Tuesday, March 31, 2015

Top Five

Chris Rock’s Top Five is heartfelt and funny and a great time at the movies.

Here’s the setup: Rock’s character is a former comedian and comic actor whose attempts at dramatic film have fallen flat.  Now, on the eve of the opening of his latest film (a misconceived epic about the Haitian Slave Revolt of 1791), he’s juggling a ‘New York Times’ interview, promotion duties for his film, and his upcoming celebrity wedding extravaganza.  Oh, and he’s trying to stay sober.

The ‘New York Times’ reporter is Rosario Dawson, which robs the celebrity wedding storyline of much of its urgency, but that’s ok.  This isn’t a film about dramatic tension: it’s a film about one day in a man’s life, a crossroads day in which nothing blows up and nobody gets shot, but in which everything changes.

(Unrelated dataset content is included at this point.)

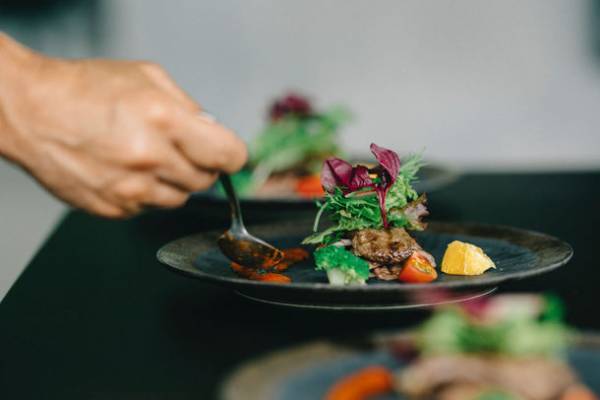 自然に囲まれたカフェ＆プライベートヴィラ「TEF TANIGUMI」がグランドオープン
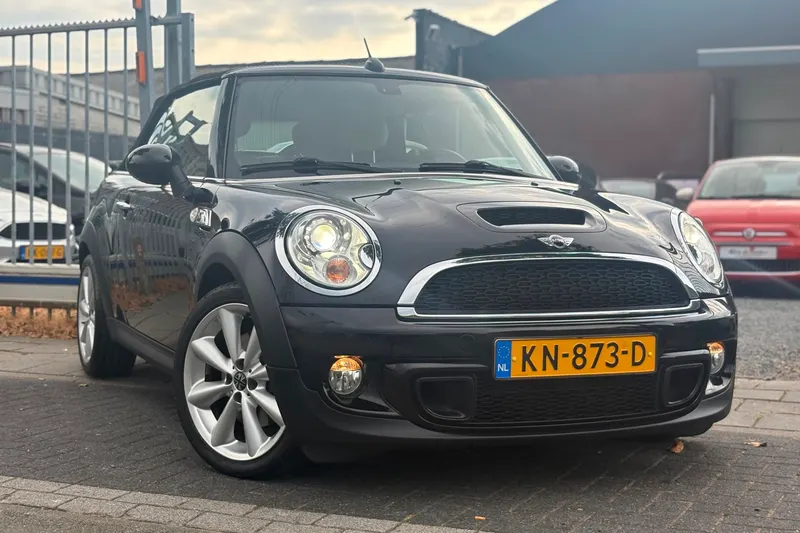MINI Cabrio (2011)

Watching it, I found myself comparing Top Five to Birdman, another film about an actor in crisis.  Both films feature a style of heightened dialogue in that everyone’s funny in the former and everyone’s overwrought in the latter.  But there’s a key difference: Top Five’s characters feel like real people saying real things, even when they’re clearly speaking for comic effect.  That naturalism draws us into the story, and it makes the jokes land.  This film may have a serious premise, but it’s also very much a laugh – out - loud comedy written by a genius.  It’s just wonderful.

No kidding: I laughed.  I cried.  I loved Top Five.  I look forward to seeing it again.